The input:
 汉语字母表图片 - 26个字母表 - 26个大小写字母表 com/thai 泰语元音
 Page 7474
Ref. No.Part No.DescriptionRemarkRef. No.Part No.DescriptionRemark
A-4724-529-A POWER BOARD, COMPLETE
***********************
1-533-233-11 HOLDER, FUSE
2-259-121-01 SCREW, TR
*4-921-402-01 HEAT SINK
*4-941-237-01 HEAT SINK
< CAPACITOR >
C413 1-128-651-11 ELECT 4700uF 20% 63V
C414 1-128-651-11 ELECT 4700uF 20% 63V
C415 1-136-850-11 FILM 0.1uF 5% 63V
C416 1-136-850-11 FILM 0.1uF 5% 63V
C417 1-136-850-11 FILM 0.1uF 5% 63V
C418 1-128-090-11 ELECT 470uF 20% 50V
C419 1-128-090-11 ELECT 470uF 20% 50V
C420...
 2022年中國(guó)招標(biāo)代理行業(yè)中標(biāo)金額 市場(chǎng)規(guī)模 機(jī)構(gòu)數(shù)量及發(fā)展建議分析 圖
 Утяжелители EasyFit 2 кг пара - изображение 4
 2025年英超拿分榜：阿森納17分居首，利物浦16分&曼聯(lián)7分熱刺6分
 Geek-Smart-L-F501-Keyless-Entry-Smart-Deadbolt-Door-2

---

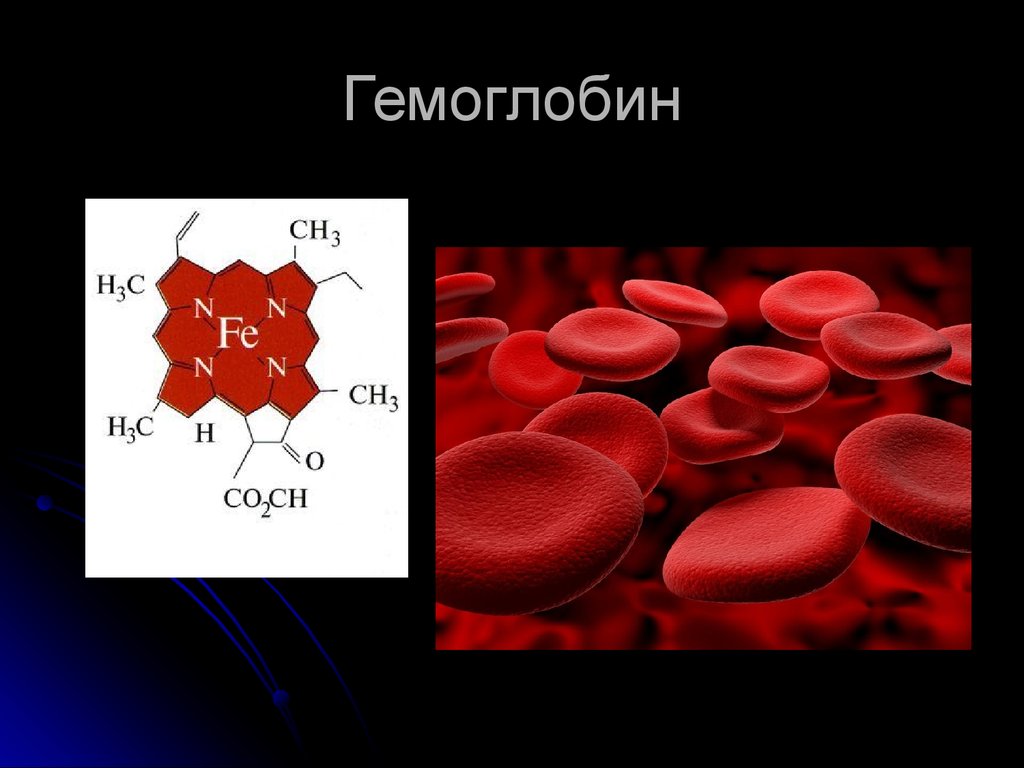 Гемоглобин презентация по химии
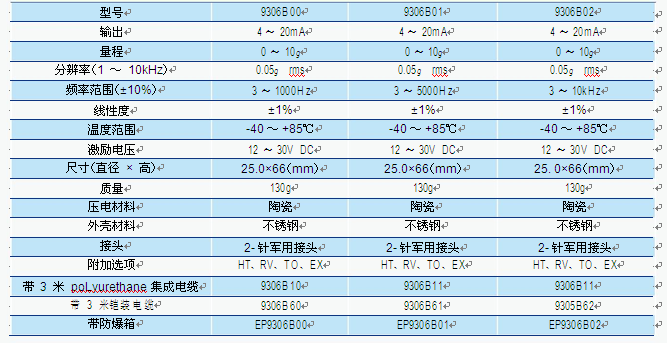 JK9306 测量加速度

Task prompt:
Please give an exact copy of the entries above, from the line with "C416 1-136-850-11 FILM 0.1uF 5% 63V" down to the line with "Geek-Smart-L-F501-Keyless-Entry-Smart-Deadbolt-Door-2", inclusive, and nothing else.

Written answer:
C416 1-136-850-11 FILM 0.1uF 5% 63V
C417 1-136-850-11 FILM 0.1uF 5% 63V
C418 1-128-090-11 ELECT 470uF 20% 50V
C419 1-128-090-11 ELECT 470uF 20% 50V
C420...
 2022年中國(guó)招標(biāo)代理行業(yè)中標(biāo)金額 市場(chǎng)規(guī)模 機(jī)構(gòu)數(shù)量及發(fā)展建議分析 圖
 Утяжелители EasyFit 2 кг пара - изображение 4
 2025年英超拿分榜：阿森納17分居首，利物浦16分&曼聯(lián)7分熱刺6分
 Geek-Smart-L-F501-Keyless-Entry-Smart-Deadbolt-Door-2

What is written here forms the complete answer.